Anna, You could almost be describing my village down here near the Spanish border except we only have a part time shop and post office. As for going back to the UK, I left 18 years ago and have never been back. Now it sounds as if I don’t want to, after all I see some of the visitors here in the summer. Our village is built on a hillside and the number of ‘youngsters’ from the UK that puff and pant just walking up to the gites is amazing, car parking is at the bottom of the hill.
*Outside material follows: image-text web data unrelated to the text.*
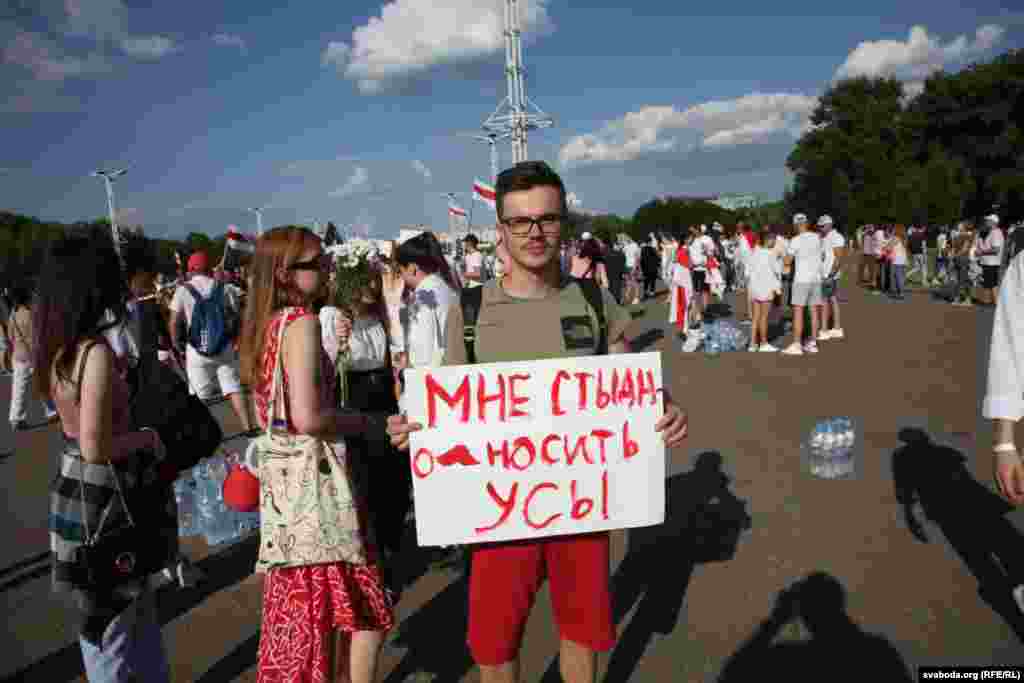 Un manifestant ține un banner pe care scrie : &bdquo;Mi-e rușine să port o mustață&rdquo;, făcând aluzie la podoaba facială a lui Lukașenka.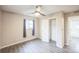 Bedroom features neutral walls, wood-look flooring, a window with curtains, and closet at 6104 Hudson St, Commerce City, CO 80022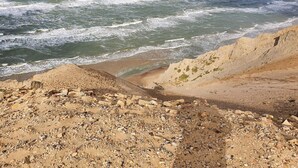 A rocky beach with waves crashing onto the shore.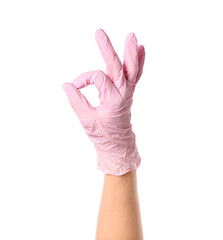 Hand in protective glove showing OK on white background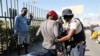 FILE - A police officer pats down a motorcyclist at a checkpoint in Port-au-Prince, Haiti, Jan. 26, 2024. A court in Kenya on Friday blocked the deployment of a U.N.-backed police force to help fight gangs in the troubled Caribbean country. 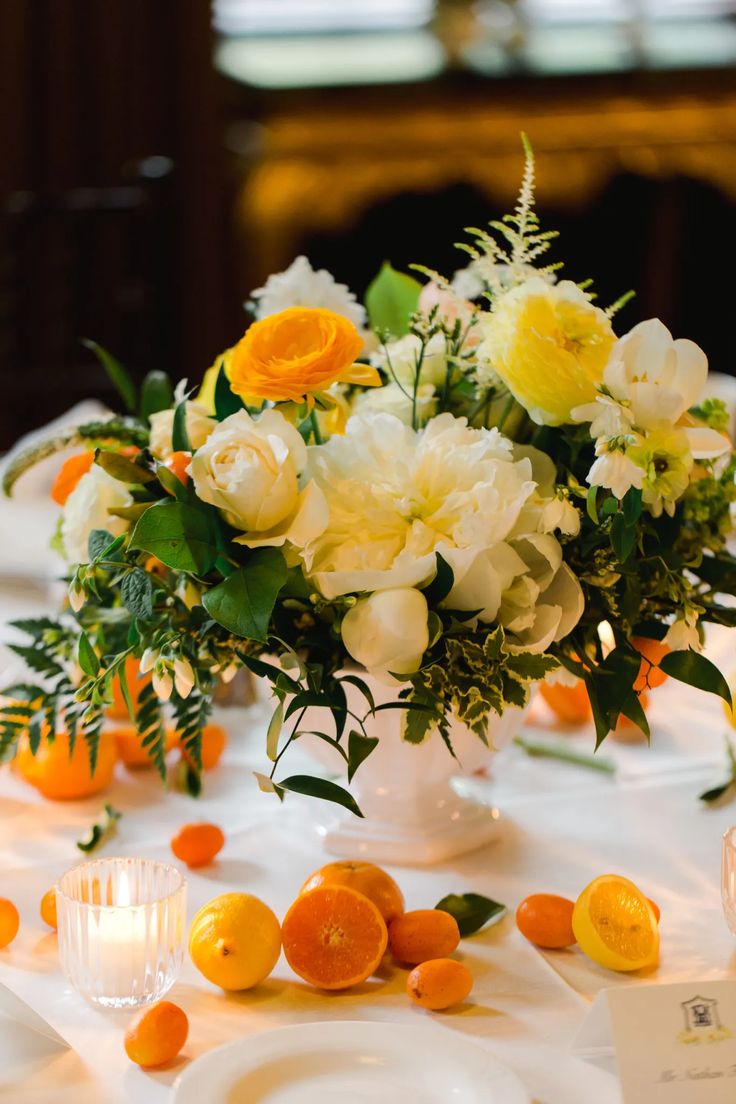 a vase filled with white and yellow flowers on top of a table covered in oranges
I may be pushing 70 but still take a 3 KM walk with my Newfoundland dog twice a day and yes I do have a big 4×4 pickup truck for getting to places where you wouldn’t take a car as well as doing the shopping once a month, the 15 km round trip walk to the shops is OK if I don’t want to bring back anything heavy (20 kg of dog food is a bit much).
The one comment I find amusing from the visitors is that no one here seems to be in a hurry. Why should we be?
Sounds as though you are in my favourite area Ivan……the Pyrenees would have been my first choice too.
Cato, I can see why ‘er indoors is staying put.
Thank you Anna. They were mine, and not just for the fact that the Med is less than an hour away, as is skiing and Spain…..nor the fact I can sit on my terrace and overlook the valley in all its changes through the year,,,,or the fact that a cave not far away has more gold medals than you can poke a stick at….or…….
Miss Raccoon
Spot on – I went on the wagon for a bit and was stunned at how every shop window was plastered with cheap booze offers. I am pleased to have recovered from this serious mistake
Like Cato – I am also 7 miles from the nearest McD and regularly have junked leftovers and boxes on the verge plus obligatory beer cans.
*ugh*
janes 04.20.09 at 10:42 am
Cato, I can see why
1. glad to hear you’re still knocking your nuts out to feed the needy of the uk – you must be committed. however, i am sure that you take comfort in the knowledge that virtue is its own reward.
2. confurious say (on the subject of street hygiene): give a man a broom – and he’ll clean up for a day; teach a man to sweep – and he’ll probably ram it so far up your arsehole you’ll never walk straight again for the rest of your life.
3. i have serious concerns over the extremely poor quality of contemporary british tv output. indeed, programmes have become so fucking crap that the uk’s unemployed are, as i write, perched on the edge of their sofas, poised to rise up in their millions and overthrow the british government in a unified surge of catatonic hysteria – it could prove to be a very bloody episode in this country’s history…but far more entertaining than the average day-time tv schedule.
I cannot believe that the few people who still have a job in the UK are compliantly supporting this vast army of over fed, under dressed, wheezing, puffing, swearing, be-thonged, tattooed, sets of gargantuan thighs masticating their way around what used to be an enjoyable University town.
you show utter disrespect for this proud nation’s traditions and culture – you do not seem to appreciate that our indigenous customs have evolved over thousands of years, nurtured from the unpromising grains of stone-ale unconsciousness, on an unforgiving gruel of struggle, sacrifice and any available substance that gets you hammered out your tiny neolithic skull. you are a traitor to your roots and an enemy of britishness. fuck off back to france et stuffez votre silly snobby face avec les lightweight little fiddlestick frog fries. bon appetit.
you show utter disrespect for this proud nation
yes, spudustrike, i believe you will find that these inalienable rights are enshrined within our cherished constitution, where they are couched in unambiguous terms.